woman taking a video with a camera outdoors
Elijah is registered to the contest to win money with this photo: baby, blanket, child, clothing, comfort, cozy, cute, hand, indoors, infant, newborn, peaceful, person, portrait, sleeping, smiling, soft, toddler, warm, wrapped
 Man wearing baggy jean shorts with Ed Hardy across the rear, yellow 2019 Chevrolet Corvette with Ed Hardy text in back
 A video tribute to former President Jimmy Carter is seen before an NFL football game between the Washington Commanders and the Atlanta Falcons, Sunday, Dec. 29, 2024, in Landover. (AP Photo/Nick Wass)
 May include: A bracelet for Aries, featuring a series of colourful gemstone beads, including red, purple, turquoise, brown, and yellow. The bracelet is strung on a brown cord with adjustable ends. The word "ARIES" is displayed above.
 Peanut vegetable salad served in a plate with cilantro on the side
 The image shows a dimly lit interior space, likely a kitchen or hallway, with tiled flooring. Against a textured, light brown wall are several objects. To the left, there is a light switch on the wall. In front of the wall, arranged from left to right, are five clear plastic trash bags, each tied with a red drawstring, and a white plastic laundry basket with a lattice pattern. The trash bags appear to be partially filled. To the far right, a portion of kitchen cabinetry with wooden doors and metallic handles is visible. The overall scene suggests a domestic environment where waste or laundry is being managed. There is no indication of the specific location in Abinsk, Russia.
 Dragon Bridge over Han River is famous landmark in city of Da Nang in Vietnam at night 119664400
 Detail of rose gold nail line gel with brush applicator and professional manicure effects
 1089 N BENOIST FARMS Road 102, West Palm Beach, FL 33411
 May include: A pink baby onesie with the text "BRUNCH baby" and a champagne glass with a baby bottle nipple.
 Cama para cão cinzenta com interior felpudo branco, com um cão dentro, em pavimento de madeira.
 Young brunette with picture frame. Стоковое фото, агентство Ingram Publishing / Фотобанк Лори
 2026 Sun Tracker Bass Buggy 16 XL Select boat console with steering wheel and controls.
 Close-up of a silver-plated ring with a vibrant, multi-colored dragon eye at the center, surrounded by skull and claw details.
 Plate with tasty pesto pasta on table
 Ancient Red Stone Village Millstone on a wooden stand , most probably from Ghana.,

● ● ● ● ● ● ●

[Action item]:
Output exactly what runs from the line with "May include: A pink" to the final line above, both lines included, and nothing else.

[Problem solution]:
 May include: A pink baby onesie with the text "BRUNCH baby" and a champagne glass with a baby bottle nipple.
 Cama para cão cinzenta com interior felpudo branco, com um cão dentro, em pavimento de madeira.
 Young brunette with picture frame. Стоковое фото, агентство Ingram Publishing / Фотобанк Лори
 2026 Sun Tracker Bass Buggy 16 XL Select boat console with steering wheel and controls.
 Close-up of a silver-plated ring with a vibrant, multi-colored dragon eye at the center, surrounded by skull and claw details.
 Plate with tasty pesto pasta on table
 Ancient Red Stone Village Millstone on a wooden stand , most probably from Ghana.,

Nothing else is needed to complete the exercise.